Information shown:
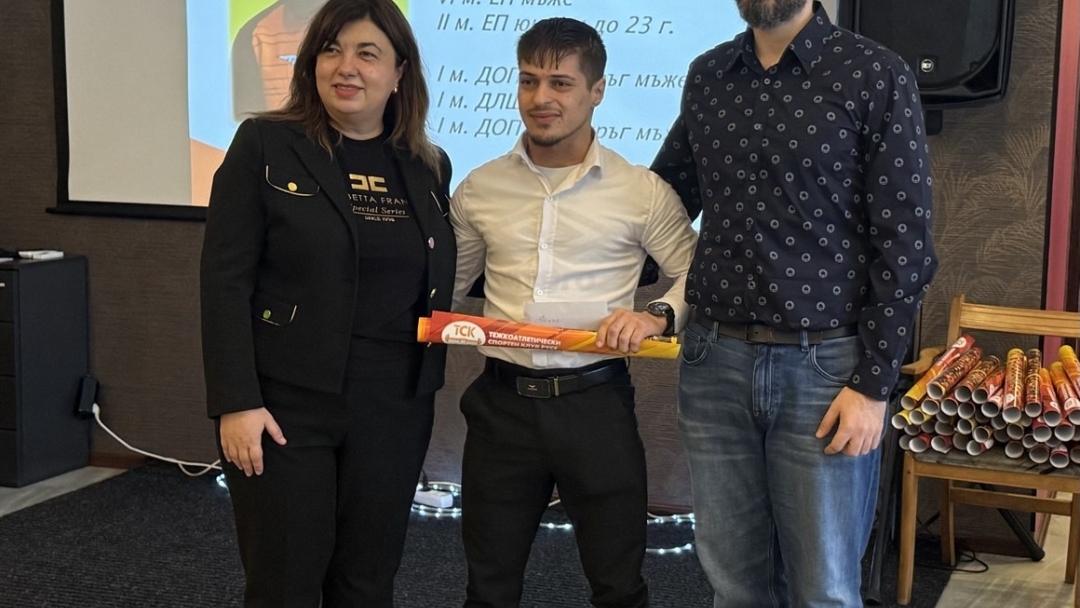 ТСК-Русе награди шампионите си и почете проф. д-р Кирил Панайотов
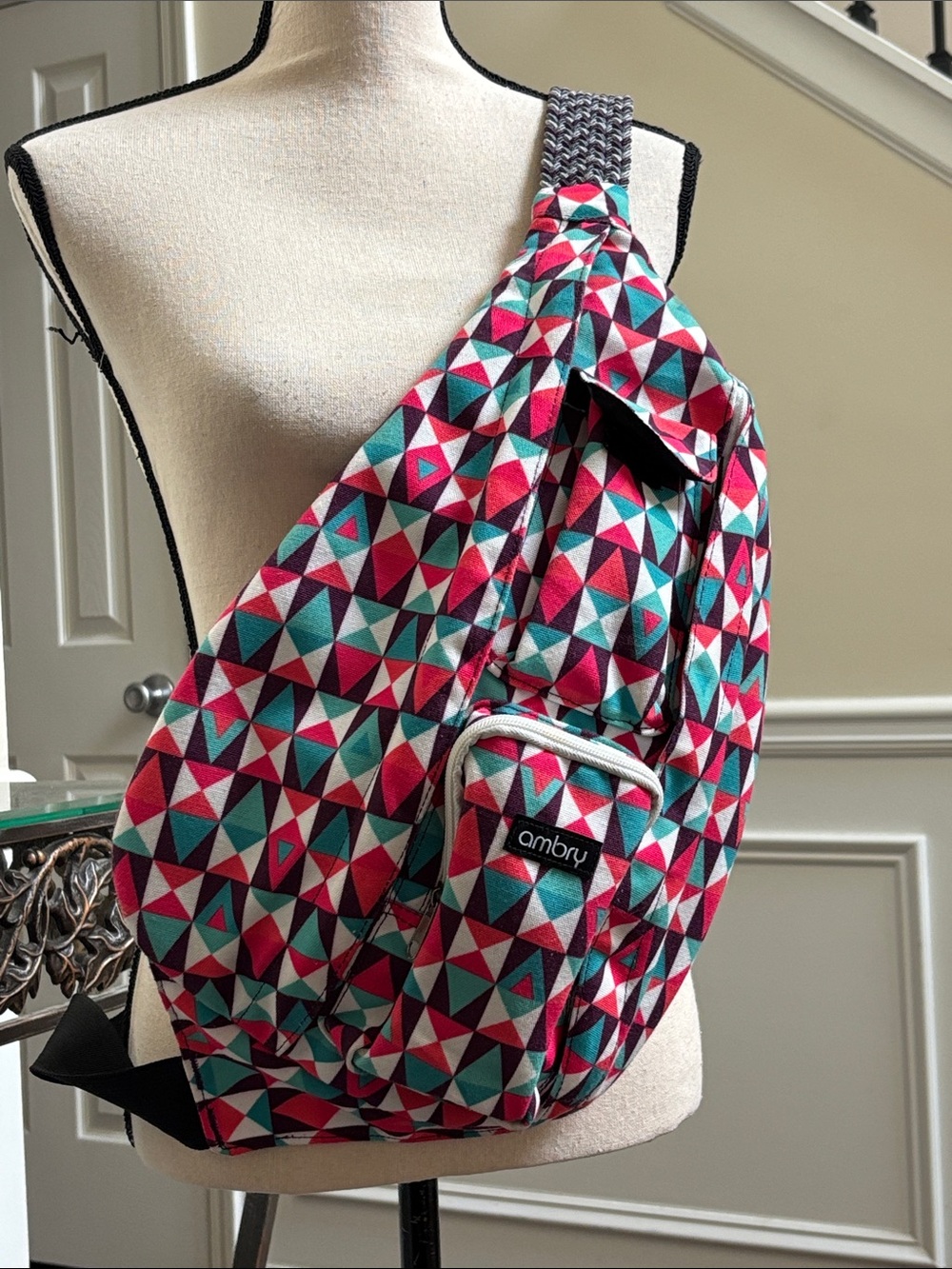 Ambry Geometric Crossbody Sling Bag in Teal & Pink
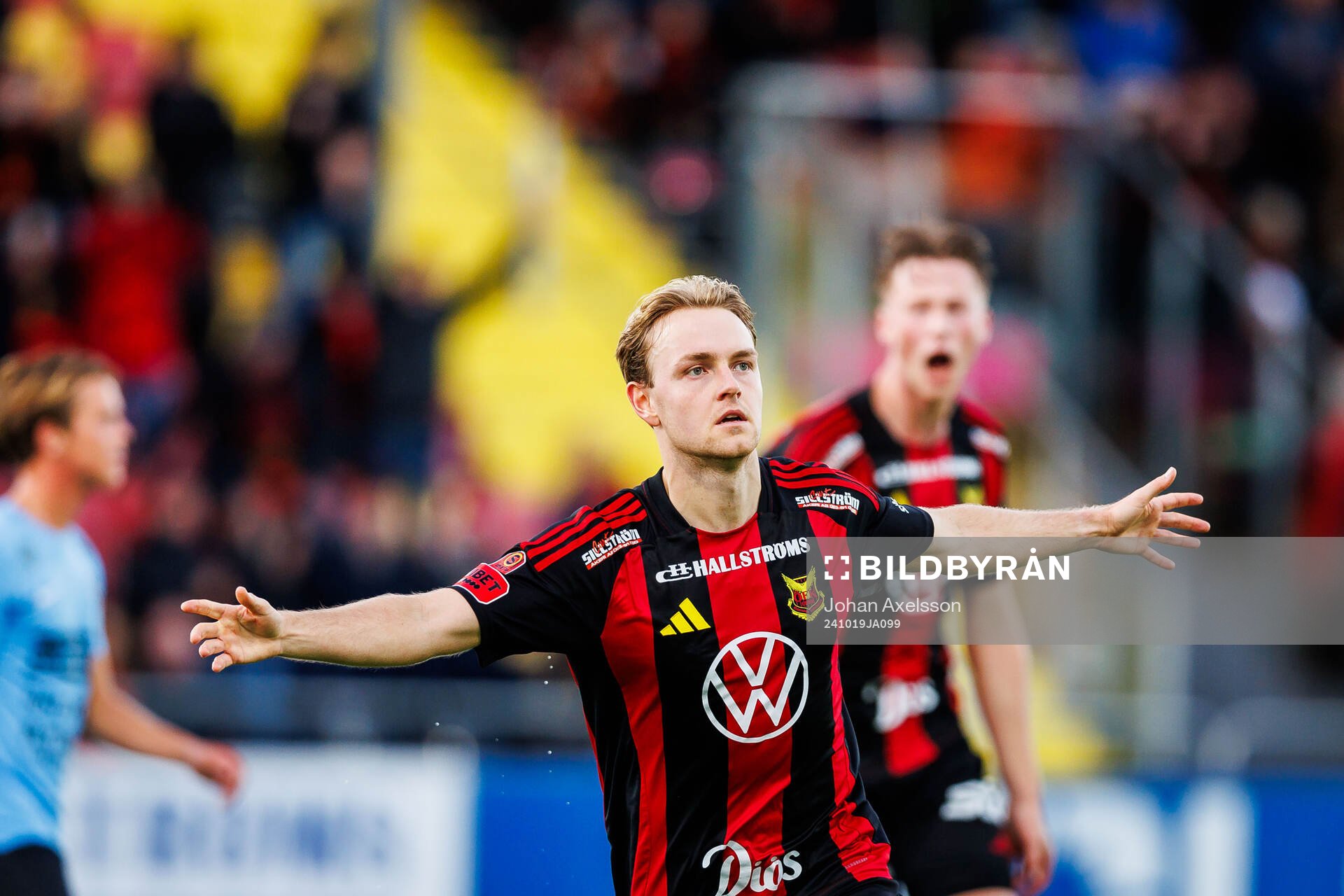 Östersunds Simon Marklund jublar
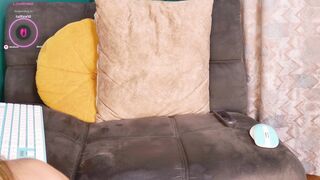 Watch layla_17 Camgirl Porn Video [Chaturbate] - anal, milf, milk, squirt, blonde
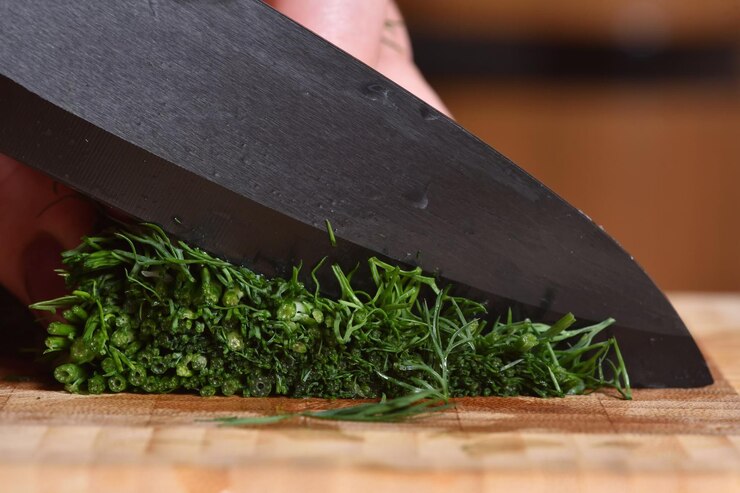 Foto vista de verduras picadas en la tabla de cortar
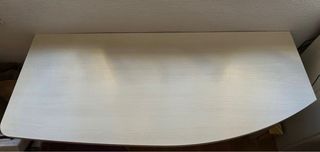 Escritorio con cajonera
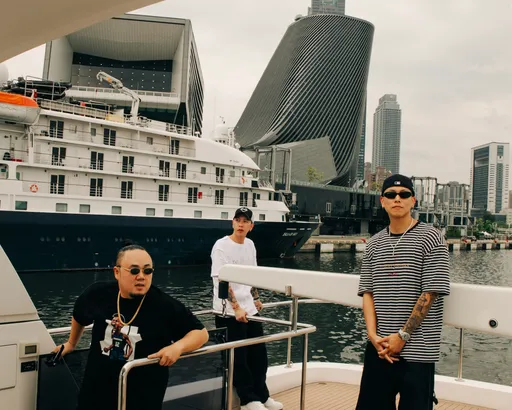 頑童幹大事！瘦子變身超帥水手　大淵也成「暈船仔」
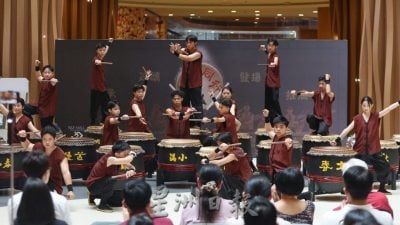 新山鼓队成果表演   团员展现帅气成长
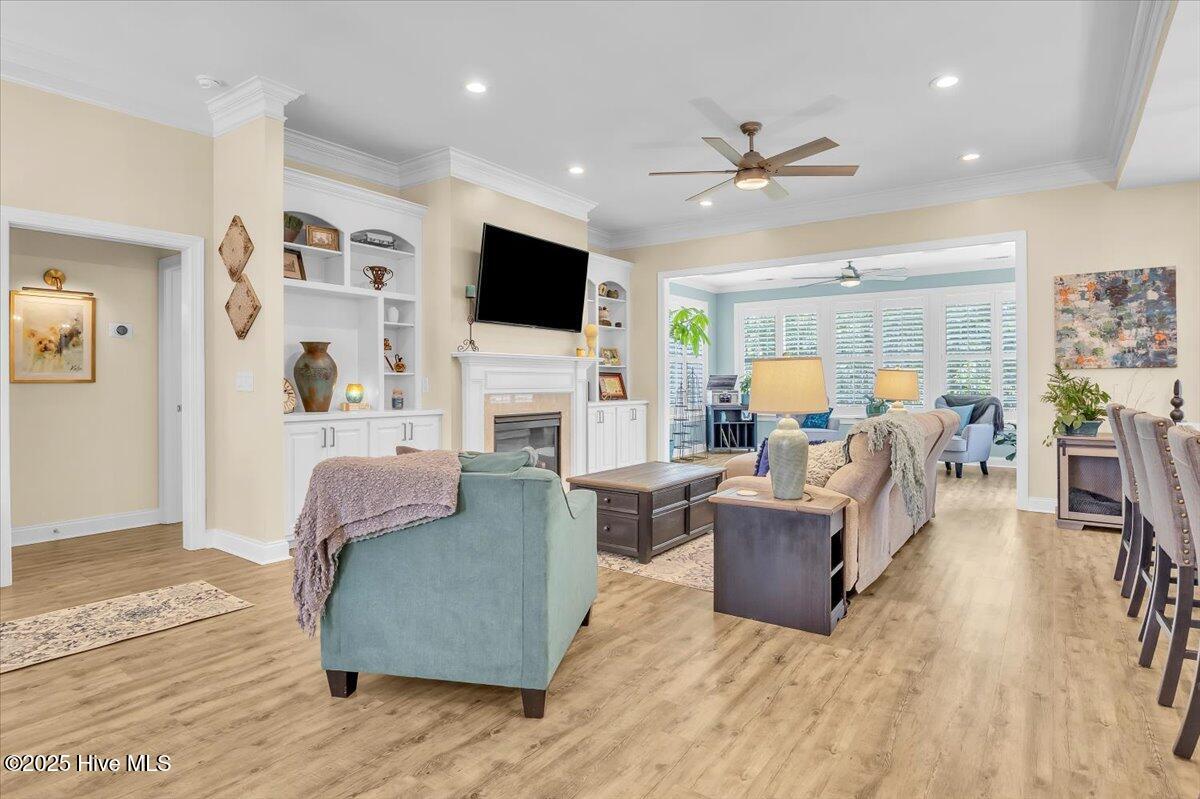 100544439 | Photo 14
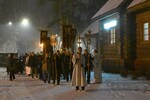 Верующие и священнослужители во время ночной пасхальной службы идут крестным ходом вокруг деревянного православного храма Абалакской иконы Божией Матери «Знамение» в Дивногорске Красноярского края, 20 апреля 2025 года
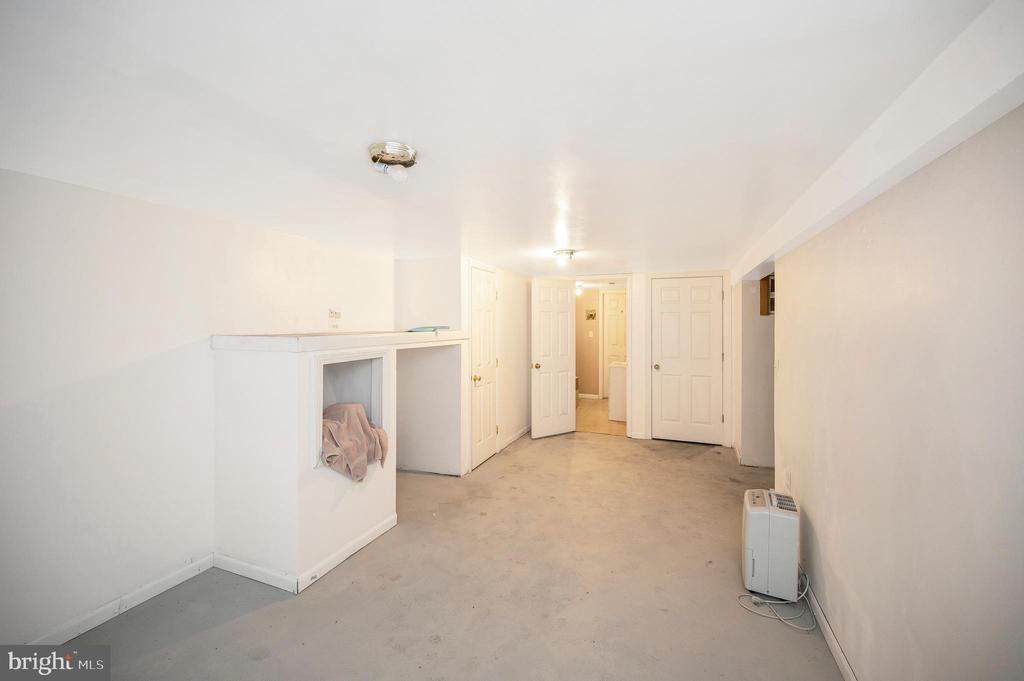 3948 MINE ROAD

Exercise instructions:
Only the lines from the one with "頑童幹大事！瘦子變身超帥水手　大淵也成「暈船仔」" through the last line of the records above are wanted, copied exactly and with pictures omitted.

Response box:
 頑童幹大事！瘦子變身超帥水手　大淵也成「暈船仔」
 新山鼓队成果表演   团员展现帅气成长
 100544439 | Photo 14
 Верующие и священнослужители во время ночной пасхальной службы идут крестным ходом вокруг деревянного православного храма Абалакской иконы Божией Матери «Знамение» в Дивногорске Красноярского края, 20 апреля 2025 года
 3948 MINE ROAD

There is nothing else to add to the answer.